◆ Activity ◆
Return the data below unchanged. Drop any pictures.

◆ Data extract ◆
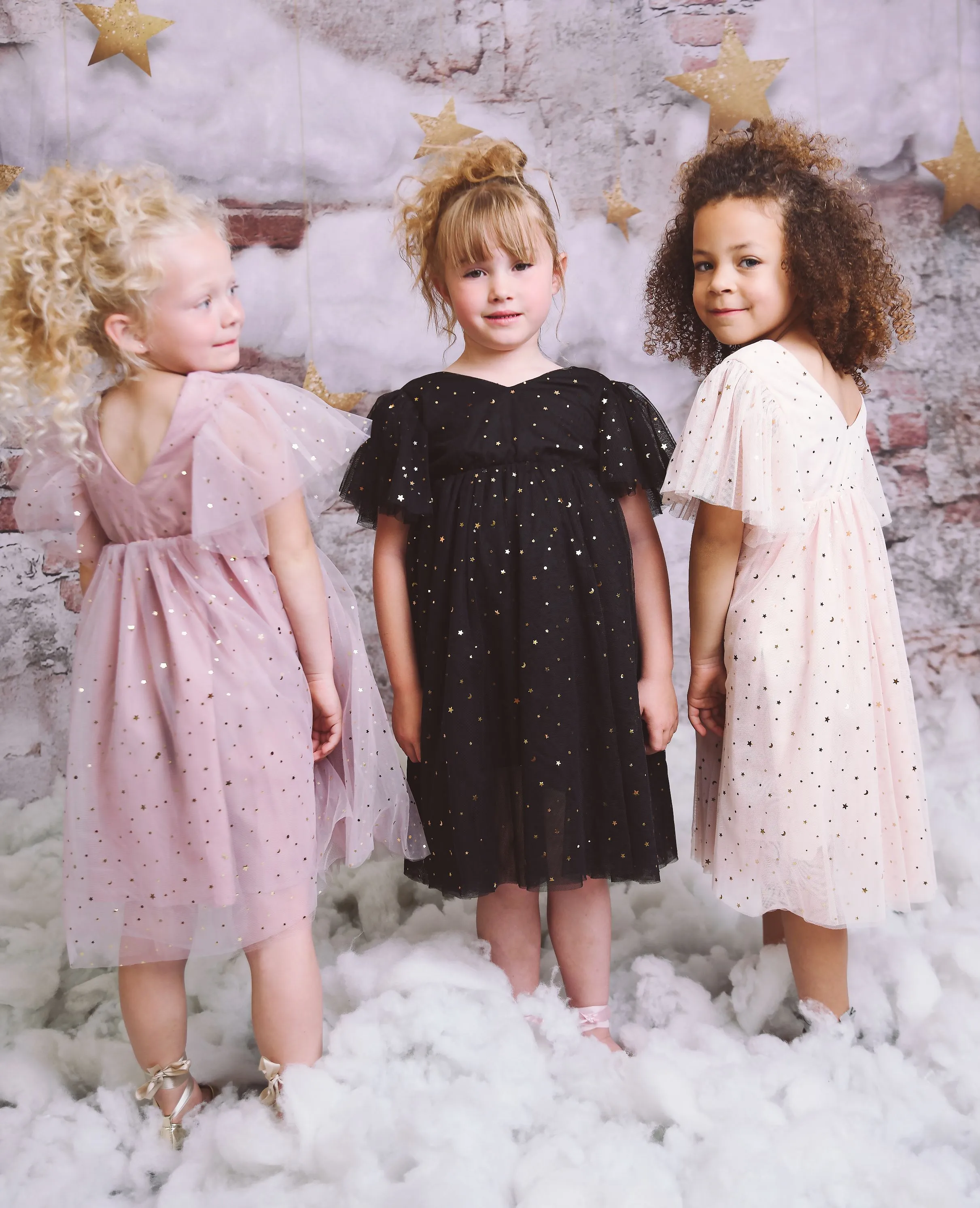 DOLLY  STARS & MOON   TULLE PRINCESS DRESS black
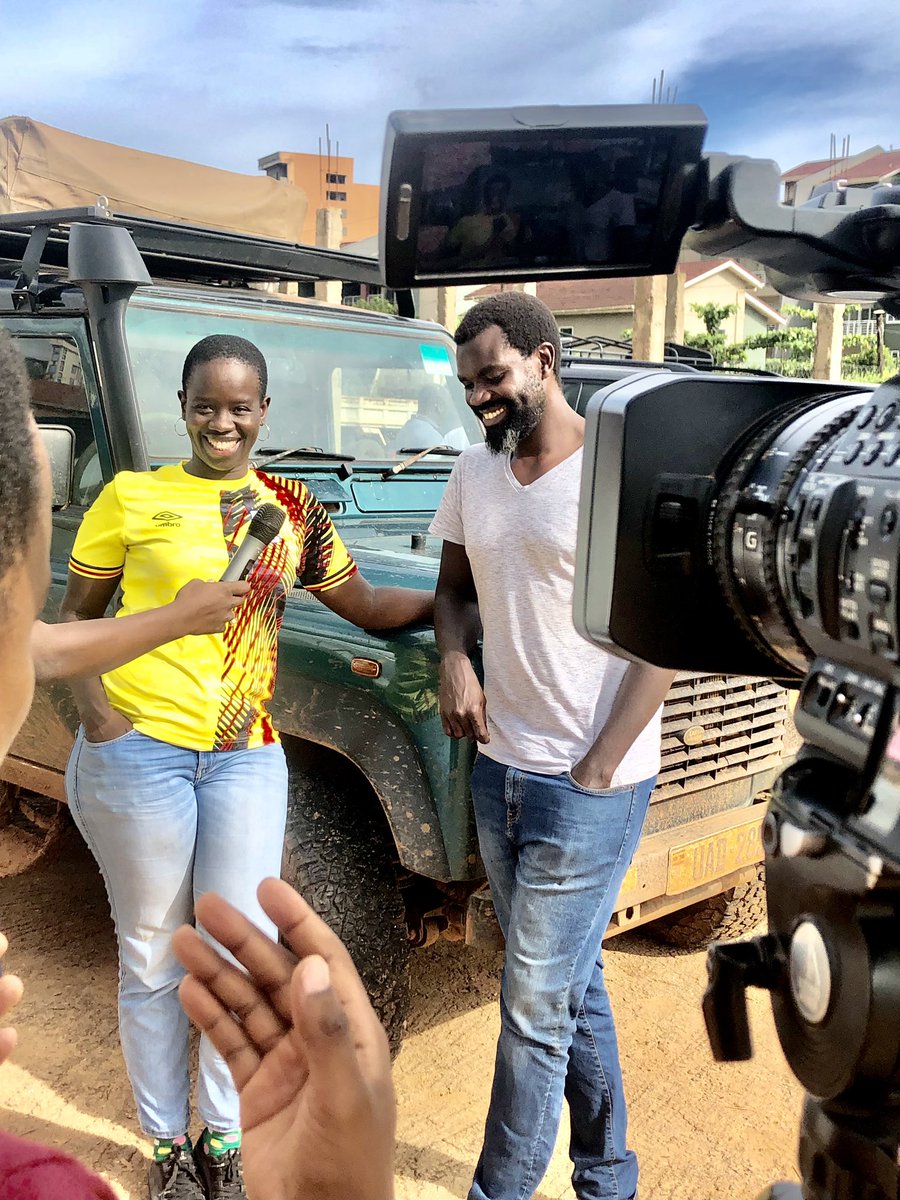 Interviewing the Kampala’s latest celebs! 😃
#AfricaByRoad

◆ Problem solution ◆
 DOLLY  STARS & MOON   TULLE PRINCESS DRESS black
 Interviewing the Kampala’s latest celebs! 😃
#AfricaByRoad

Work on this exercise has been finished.